__Activity__
From the line that contains "Unfinished basement space" to the last line of the entries, write each line out exactly; include both ends and nothing else.

__Data to process__
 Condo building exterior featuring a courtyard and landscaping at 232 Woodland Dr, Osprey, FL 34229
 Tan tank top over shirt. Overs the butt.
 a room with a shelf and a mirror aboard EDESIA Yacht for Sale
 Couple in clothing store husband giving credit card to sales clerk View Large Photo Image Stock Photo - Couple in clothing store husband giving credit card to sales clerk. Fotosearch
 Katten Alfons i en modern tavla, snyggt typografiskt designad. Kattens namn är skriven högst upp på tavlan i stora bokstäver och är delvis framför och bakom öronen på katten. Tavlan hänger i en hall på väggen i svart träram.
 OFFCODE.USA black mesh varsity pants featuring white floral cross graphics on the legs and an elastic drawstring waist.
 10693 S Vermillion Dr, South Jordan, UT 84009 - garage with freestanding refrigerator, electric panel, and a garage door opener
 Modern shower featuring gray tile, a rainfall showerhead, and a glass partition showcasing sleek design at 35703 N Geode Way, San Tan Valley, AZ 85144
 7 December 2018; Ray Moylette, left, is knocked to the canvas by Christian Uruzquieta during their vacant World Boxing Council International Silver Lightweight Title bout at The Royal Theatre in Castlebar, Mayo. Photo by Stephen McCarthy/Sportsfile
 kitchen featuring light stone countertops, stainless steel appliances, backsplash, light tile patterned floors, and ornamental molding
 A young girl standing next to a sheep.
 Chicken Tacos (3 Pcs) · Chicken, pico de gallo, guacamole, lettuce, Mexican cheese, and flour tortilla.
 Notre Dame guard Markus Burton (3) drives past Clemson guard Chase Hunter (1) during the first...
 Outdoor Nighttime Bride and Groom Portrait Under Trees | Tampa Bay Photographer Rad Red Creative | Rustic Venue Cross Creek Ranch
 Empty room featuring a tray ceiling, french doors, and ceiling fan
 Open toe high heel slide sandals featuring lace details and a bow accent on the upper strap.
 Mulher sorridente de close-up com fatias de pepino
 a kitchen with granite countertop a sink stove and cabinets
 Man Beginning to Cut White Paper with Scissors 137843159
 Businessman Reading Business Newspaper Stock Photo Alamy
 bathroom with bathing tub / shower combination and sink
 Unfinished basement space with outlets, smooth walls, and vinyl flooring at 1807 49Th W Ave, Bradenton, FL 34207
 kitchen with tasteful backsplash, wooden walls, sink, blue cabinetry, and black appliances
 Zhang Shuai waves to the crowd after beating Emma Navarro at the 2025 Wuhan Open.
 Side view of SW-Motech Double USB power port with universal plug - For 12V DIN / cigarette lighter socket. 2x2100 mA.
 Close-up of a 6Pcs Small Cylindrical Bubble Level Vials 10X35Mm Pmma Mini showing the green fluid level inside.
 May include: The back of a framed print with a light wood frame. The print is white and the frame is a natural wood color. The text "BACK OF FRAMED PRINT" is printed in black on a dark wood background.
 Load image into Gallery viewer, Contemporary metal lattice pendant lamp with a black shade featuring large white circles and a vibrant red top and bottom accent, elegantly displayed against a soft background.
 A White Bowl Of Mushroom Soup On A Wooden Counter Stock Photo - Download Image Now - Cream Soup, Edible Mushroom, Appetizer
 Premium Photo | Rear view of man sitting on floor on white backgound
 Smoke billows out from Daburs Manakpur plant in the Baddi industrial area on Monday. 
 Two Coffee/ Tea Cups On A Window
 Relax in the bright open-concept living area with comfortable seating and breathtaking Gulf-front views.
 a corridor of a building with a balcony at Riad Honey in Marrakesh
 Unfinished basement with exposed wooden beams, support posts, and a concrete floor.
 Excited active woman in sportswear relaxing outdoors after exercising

__Output__
 Unfinished basement space with outlets, smooth walls, and vinyl flooring at 1807 49Th W Ave, Bradenton, FL 34207
 kitchen with tasteful backsplash, wooden walls, sink, blue cabinetry, and black appliances
 Zhang Shuai waves to the crowd after beating Emma Navarro at the 2025 Wuhan Open.
 Side view of SW-Motech Double USB power port with universal plug - For 12V DIN / cigarette lighter socket. 2x2100 mA.
 Close-up of a 6Pcs Small Cylindrical Bubble Level Vials 10X35Mm Pmma Mini showing the green fluid level inside.
 May include: The back of a framed print with a light wood frame. The print is white and the frame is a natural wood color. The text "BACK OF FRAMED PRINT" is printed in black on a dark wood background.
 Load image into Gallery viewer, Contemporary metal lattice pendant lamp with a black shade featuring large white circles and a vibrant red top and bottom accent, elegantly displayed against a soft background.
 A White Bowl Of Mushroom Soup On A Wooden Counter Stock Photo - Download Image Now - Cream Soup, Edible Mushroom, Appetizer
 Premium Photo | Rear view of man sitting on floor on white backgound
 Smoke billows out from Daburs Manakpur plant in the Baddi industrial area on Monday. 
 Two Coffee/ Tea Cups On A Window
 Relax in the bright open-concept living area with comfortable seating and breathtaking Gulf-front views.
 a corridor of a building with a balcony at Riad Honey in Marrakesh
 Unfinished basement with exposed wooden beams, support posts, and a concrete floor.
 Excited active woman in sportswear relaxing outdoors after exercising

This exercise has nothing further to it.